Geleceğin ofis yapısını öngören Yüksek Mimar İklima Şenol Gönenç, sürdürülebilirliğin temel alınacağını ve çalışma alanlarının yalnızca iş üretmenin ötesinde sosyal ihtiyaçlara cevap veren, teknoloji odaklı, durağanlıktan uzak mekanlar olacağını belirterek konuyla alakalı detayları paylaştı.

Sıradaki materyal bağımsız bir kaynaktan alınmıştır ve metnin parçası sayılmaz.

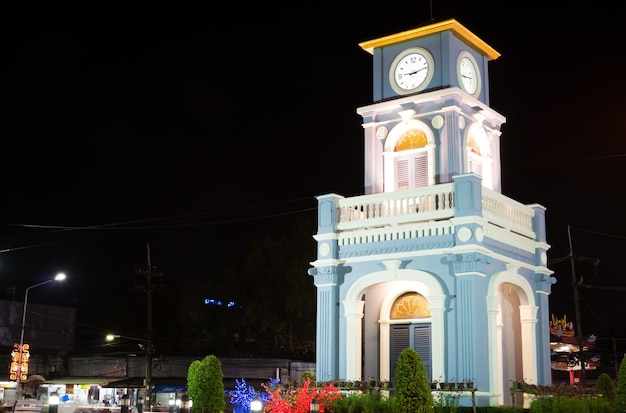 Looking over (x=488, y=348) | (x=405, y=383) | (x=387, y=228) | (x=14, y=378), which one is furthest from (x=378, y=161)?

Sürdürülebilir mimari alanında çalışmalarına devam eden Yüksek Mimar İklima Şenol Gönenç, geleceğin ofislerinin nasıl tasarlanacağını anlattı. İtalya’da doğan fütürizm akımının günümüz şehirlerini şekillendirdiğini belirten İklima Şenol Gönenç, “Fütürizm geleneksel olarak her şeye karşıdır. Makineyi, hızı, teknoloji ve geleceği sever. Bugün geldiğimiz noktada şehirlerimiz fütüristik anlayışla tasarlanıyor. Bunun yanında artık farklı ihtiyaçlarımız ve odak noktalarımız var. Bu noktalardan biri sürdürülebilirlik; sınırlı kaynaklarımızı en iyi şekilde kullanmak mimaride de kendine karşılık buluyor” sözleriyle sürdürülebilir mimarinin önemine vurgu yaptı.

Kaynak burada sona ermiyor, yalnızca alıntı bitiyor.